Around 11AM I walked through Nõmme to get another driving lession. Teacher was kind and clear and it helped me to be relaxed, didn´t make many mistakes. Happiness was jumping in me when I was getting out from the car, I was shouting “Ciao!” for my teacher, he stopped for a while and then told “Good bye!”. Yesyesyesysessss I can drive! YEEEESSS!

I went to café to celebrate 34,5 years birthday of mine, took a coffee, wrote diary. Listened to one dialog next to me, between ~4 years old girl and her mother.

Girl is moving the straw in her milk to make some bubbles, she is telling happily about her bubble milk.

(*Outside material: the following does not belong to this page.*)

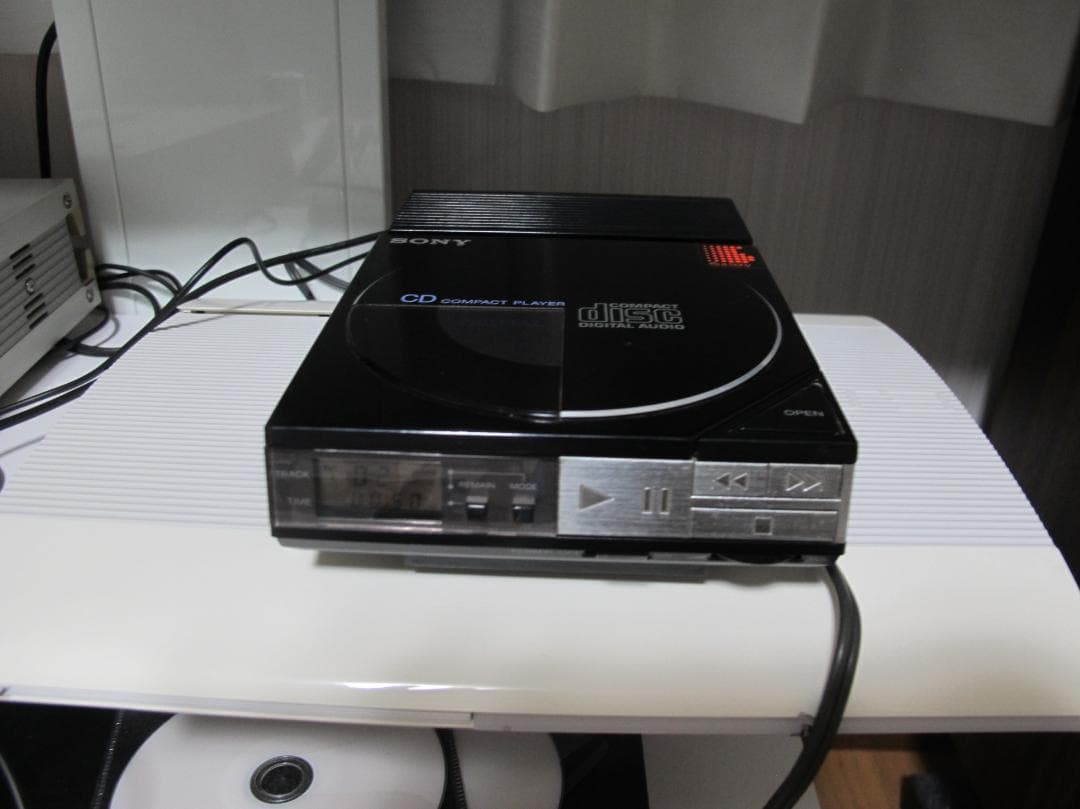 SONY D-50 ポータブルCDプレーヤー 奇跡の完動品 少し難アリ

Mom: Don´t play with food!
Girl: But this is not food, it is milk.
Mom: It is food.
Girl: It is liquid.

Later I bought a new domain: memorianum.net. I started once with one project, but it felt so big that I stopped it. Now I start slowly again, I do so much I can.
It is about people who are not living anymore but who are not forgotten (yet). I see collection of life stories with photos, comments from different people, some photos, maybe sound, video… I don´t now yet how it all can function, but I know I have to do it.

Moon is rising, some airplanes as well. I am middle of packing, tomorrow I will be on the road again.

This is the view when I am sitting on toilet. Good place to medetate.